Папа поднимает стопку писем, лежащую на столике за диванчиком, и бесцельно перебирает ее, отбрасывая бессмысленные объявления.
— На самом деле, да, — он даже не смотрит на меня.
— Кто? — спрашиваю нетерпеливо, слишком нетерпеливо. Даже я слышу надежду в своем голосе. Он тоже замечает, как и любой наблюдательный отец.
— Я так понимаю, ты ждешь телефонного звонка? — он вскидывает брови, что делает его забавно шокированным. Они почти касаются его волос. — Вайолет звонила четыре раза за последние восемь часов и сказала, что ты не отвечаешь на звонки. Возможно, ты захочешь ей перезвонить. Эта девушка неумолима! — его голос звучит раздраженно, но мы все знаем, что он обожает Вайолет, как родную дочь. Ему нравится доставлять ей неприятности.
— И это все? Больше никто? — спрашиваю я, чувствуя легкий укол разочарования.
— Да, это все, — папа сочувственно улыбается мне, прежде чем отвернуться.

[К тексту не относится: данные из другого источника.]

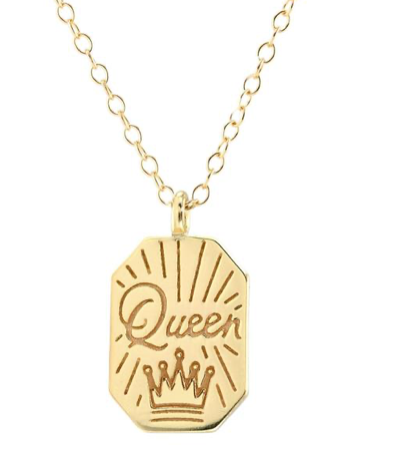 Queen Dog Tag Necklace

Он меня раскусил. Я знаю, что он ведет себя, как большинство отцов. Быть забывчивым – это уловка, когда на самом деле они слишком осведомлены деталями жизни их дочери-подростка. В конце концов, они должны знать, кого убить в определенный момент, верно?
Я бросаюсь на кровать, перекладывая сломанную ногу на стопку подушек, лежащих на противоположном конце. Красный огонек моего сотового мигает, и на долю секунды позволяю себе возбудиться, хотя знаю, что это будет только Вайолет. Поразмыслив над этим, решаю, что у меня нет причин полагать, что Грэм попытается позвонить мне. Почему-то я все время думаю о нем. Я знаю, что не должна. От него одни неприятности, но что-то во мне хочет верить в обратное.
Я просто продолжаю вспоминать выражение его лица той ночью. В ярком лунном свете он казался уязвимым. Может быть, смотрю слишком глубоко, но я знаю, что видела, когда он смотрел на меня. Это был не тот Грэм, который ведет себя так, будто делает мне одолжение, даже дыша тем же воздухом, что и я. Он удивил меня. Вот и все.
Хватаю телефон, нажимаю несколько кнопок, чтобы найти текстовое сообщение от Вайолет.
Вайолет: «Надеюсь, тебе лучше. Я все еще не могу поверить, что тебя сбили. Я заберу тебя в 7:30 в школу. Люблю тебя!»
Быстро посылаю ей ответное сообщение, что со мной все в порядке и что я ценю, что она забирает меня в школу. Положив телефон обратно на тумбочку, мысленно возвращаюсь к нему, как и в любой другой момент с тех пор, как очнулась в больнице.